RECORD EXTRACTS below:
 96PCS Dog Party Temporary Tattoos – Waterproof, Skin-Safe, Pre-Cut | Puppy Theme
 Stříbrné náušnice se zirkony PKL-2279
End of RECORD EXTRACTS.
RECORD EXTRACTS below:
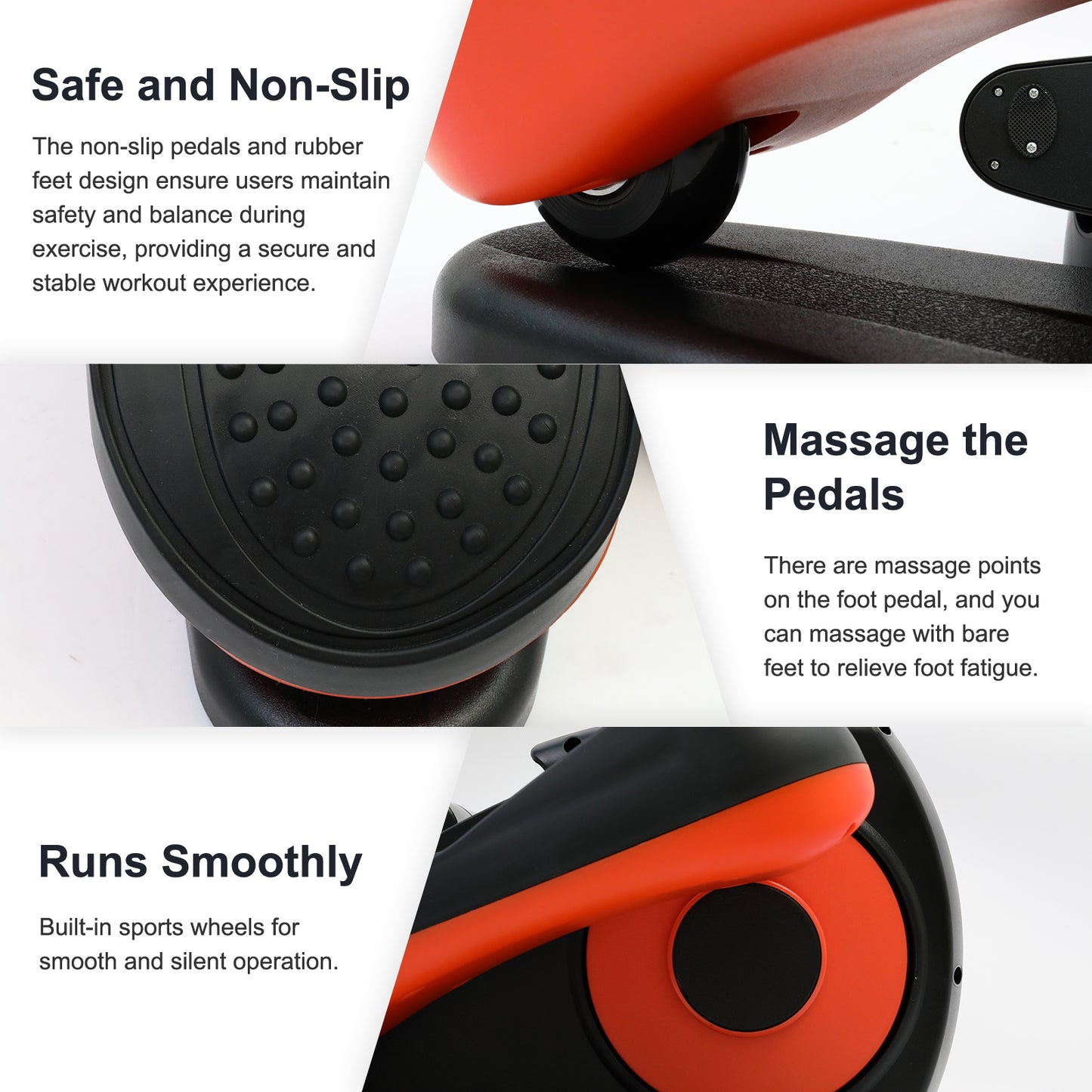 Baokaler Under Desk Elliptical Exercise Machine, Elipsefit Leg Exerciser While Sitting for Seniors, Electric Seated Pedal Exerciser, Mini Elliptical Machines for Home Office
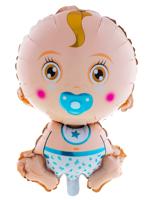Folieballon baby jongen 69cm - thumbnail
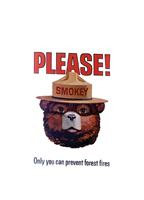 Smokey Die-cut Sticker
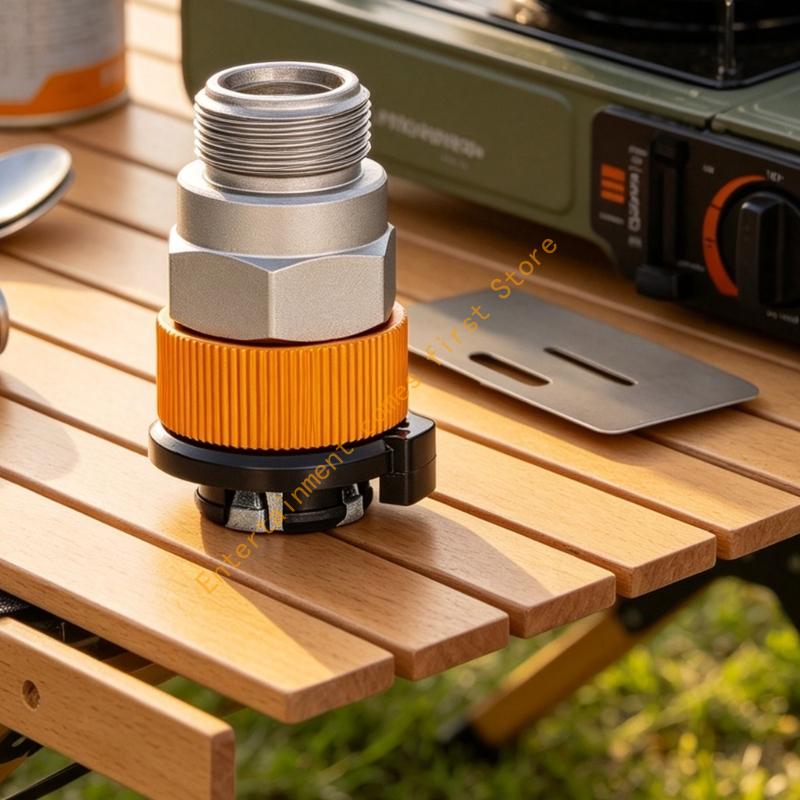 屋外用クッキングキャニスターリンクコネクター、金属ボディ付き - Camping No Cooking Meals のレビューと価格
End of RECORD EXTRACTS.
:: ACTIVITY ::
Using the data above, set down each line from the line with "Smokey Die-cut Sticker" to the line with "屋外用クッキングキャニスターリンクコネクター、金属ボディ付き - Camping" exactly, both ends included, and leave the pictures behind. Nothing else belongs.

:: RESPONSE AREA ::
 Smokey Die-cut Sticker
 屋外用クッキングキャニスターリンクコネクター、金属ボディ付き - Camping No Cooking Meals のレビューと価格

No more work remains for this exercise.